Presumimos com leveza e ingenuidade que o que nos separa são as diferenças. Assim desculpamo-nos com diferentes Deuses para dissimular a nossa muito humana - e comum - ambição e sede de poder. Mas são essas, que atravessam todos os tempos e todos os homens, que representam verdadeiramente a fonte de todos os conflitos. E configuram o que há de semelhante em nós.

Portugal tem, apesar de tudo, nos últimos anos, sabido conviver com a diversidade religiosa. Com alguma naturalidade e até mesmo um certa curiosidade. Ainda longe do turbilhão do centro da Europa que já levanta muita tempestade, por cá vamos coexistindo pacificamente e sem tensões assinaláveis. Importa, no entanto, ter consciência que a natureza humana, mais tarde ou mais cedo, virá à tona e que a ignorância sobre o Outro – ainda existente, apesar de tudo - será o terreno fértil para as nossas crises. Não nos deixemos embalar pela expectativa dos “brandos costumes”.

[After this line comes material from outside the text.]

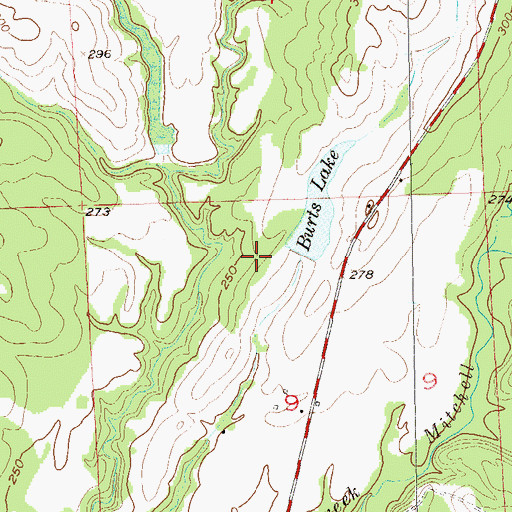 Topographic Map of Burkes Lake Dam, AL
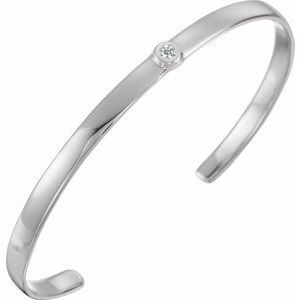 14K White 1/10 CT Diamond Cuff 6" Bracelet - BRC764:600:P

Por isso, o estudo "Filhos diferentes, Deuses diferentes", a editar brevemente pelo Observatório da Imigração, da autoria de Susana Pereira Bastos, de Gabriel Pereira Bastos e equipa, representa um contributo muito importante para Portugal. Na medida de uma leitura atenta, ajudar-nos-á, por via da iluminação das diferenças, a descobrir a diferença. Assim reduziremos os nossos medos e veremos o “outro” – na sua afirmação de “filho diferente de um Deus diferente” - como tão diferente quanto eu. Esta valorização das diferenças que o estudo percorre desde comunidades com as quais convivemos há séculos, como as ciganas, até às recentes vagas de cabo-verdianas, sikhs, muçulmanos ismaelitas e sunitas, revela-se, por isso, muito inspirador.

Não se trata, note-se, de normalizar as diferenças, aplanando-as. O que nos é pedido é que optemos por encetar um diálogo, só possível porque as conhecemos, as respeitamos e as aceitamos.